Yet another film was released where the Armenian Highlands are stubbornly being called Anatolian. Drawing conclusions is up to you, dear friends!
The annotation to the film reads:
“In 1958, scientists from the British Institute of Archeology examined the Konya Plateau in the province of Turkey of the same name. They unearthed remnants of an ancient city – perhaps the ancestral home of all Indo-European peoples…
Historians M. Meyer and A. Zamostyanov, philologist A. Dybo, biologist O. Balanovsky, and Turkish archaeologist B. Kulachoglu share their views on the localization of the Indo-European ancestral homeland.”
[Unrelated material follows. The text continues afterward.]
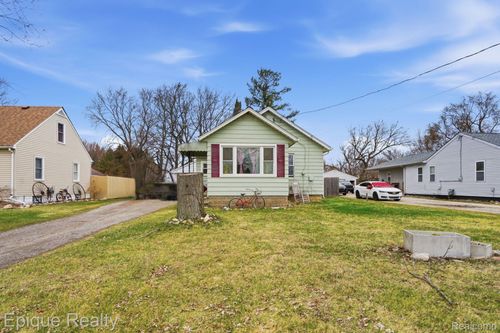 7115 Kessling St, Davison, MI, 48423-2445 | Card Image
The film is called “Ancestors of our ancestors. Çatalhöyük – the mystery of the Indo-European ancestral home”.
For reference, Catalhöyük (“fork-shaped hill”) is located in Gamirk, 3 km south of the present-day village of Küçükköy and about 40 km southeast of the city of Konya. The nearest major railway town is Çumra (17 km to the south).
Çatalhöyük is a hill of artificial origin. It has formed over a span of 1 thousand years when new buildings have been built on top of old ones.
The settlement is clearly distinguished from the surrounding Konya Plain and consists of two hills – the eastern, the older and larger one, and the western (Kuchuk Höyük, “small hill”), which is a Copper Age settlement.
Archaeologists believe that the population of the settlement was between 3 and 10 thousand, while the number of houses reached 2 thousand.